L'Arkeo... Lysander non è nemmeno Arkeo. Lo è diventato. Se ne sono dimenticati tutti, pare.

- D'accordo. Brasida sarà pronto – acconsente, suo malgrado, il sovrano mirinzio.

- Allora, - echeggia solida la voce di Antemion - davanti a tutti gli Dei, a Res per primo, accetto. Che sia una sfida di Eroi a decidere.  Giuro che rispetterò il patto.

- Anch'io giuro di fronte agli Dei.

- Gli eserciti rimarranno dove sono. Come vuole la tradizione, qualora la morte colga entrambi gli Eroi, combatteremo tutti.

- Sta bene.

Trattano ancora. Si accordano sulle condizioni della resa che seguirà il duello. Il sovrano perdente non sarà costretto all'esilio: con la carica di governatore continuerà ad amministrare i territori cittadini per nome e conto del vincitore. Mal che vada, non tutto sarà perduto.

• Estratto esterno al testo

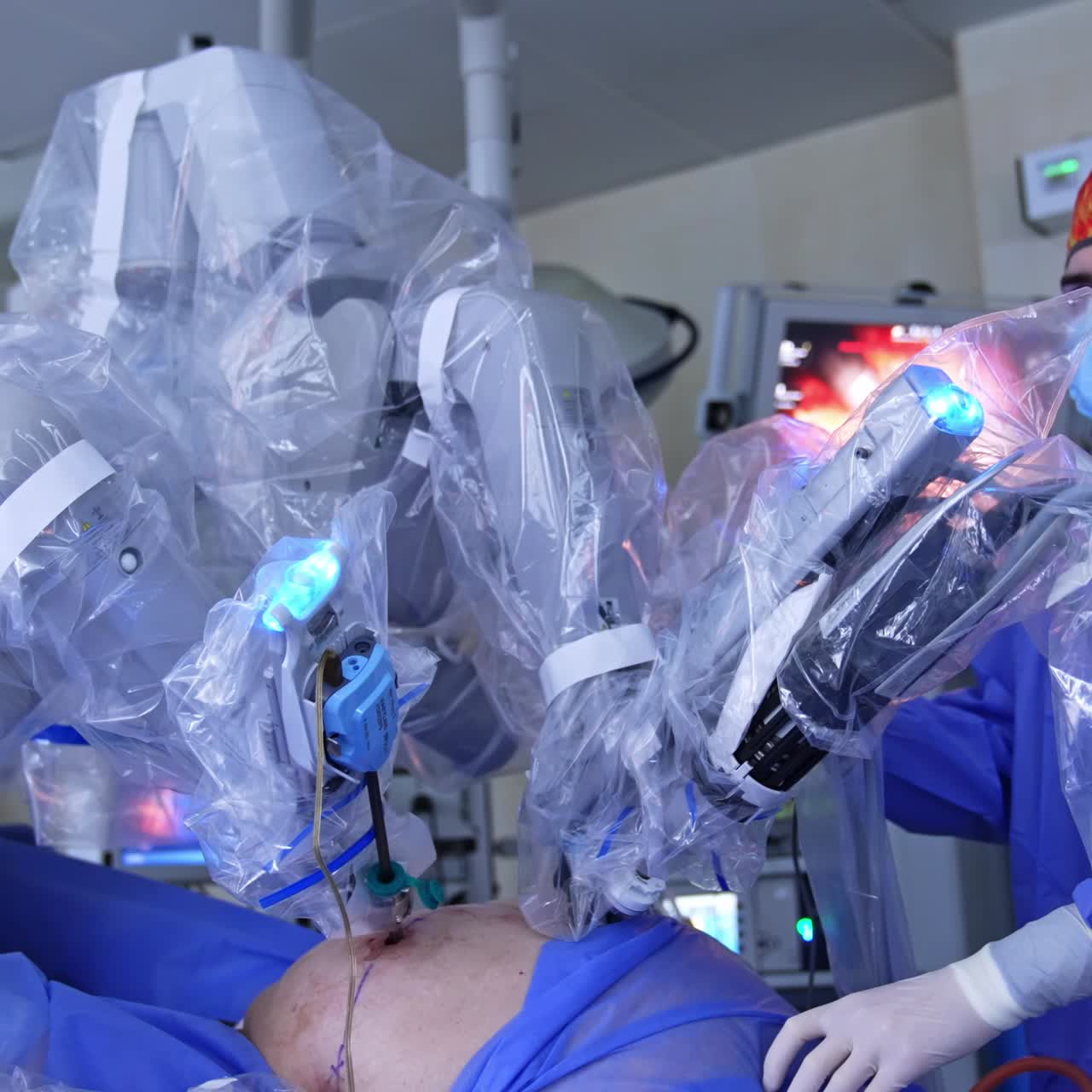 Massive robotic arms coated in plastic move in the patient's body. Laparoscopy conducted by Da Vinci surgeon. Male surgeon in colorful cap stands near equipment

Stabilito un tanto, entrambi i carri si girano e raggiungono i rispettivi eserciti.

- Un Duello di Eroi! – enfatizza il mio compare.

Non riesco a capire, eppure lo conosco da sempre, se la sua esclamazione celi il rammarico per la battaglia non combattuta, o piuttosto il compiacimento per questa scelta epica. La seconda, direi, nonostante la sua inconfessata predilezione per i carnai.

Personalmente, avrei motivo di lamentarmi: una messe così rigogliosa di vite arkee e mirinzie, sprecata a causa di una tradizione. Nobile quanto vuoi, ma a volte inopportuna.

In fondo, però, me ne importa poco.

Nel tratto da percorrere per raggiungere l'attendamento e i sacerdoti in attesa, Brasida, in groppa al suo cavallo, affianca la biga reale.

- Mio signore, tu riponi troppa fiducia in questo soldato la cui forza è sempre stata la fedeltà e il valore dei suoi uomini. Sei ancora in tempo a tornare indietro nella tua richiesta. Blocca i riti di investitura. Io non posso battere Lysander. Non in un duello. E' un combattente senza eguali. Si parla di lui come il figlio di Res.

- Brasida, amico mio, da quando tu ti sei messo a credere agli dei?

Il condottiero sorride, nonostante la preoccupazione. Per anni ha insegnato a Niso l'arte della guerra, il re lo conosce fin troppo bene. - Era un modo di dire.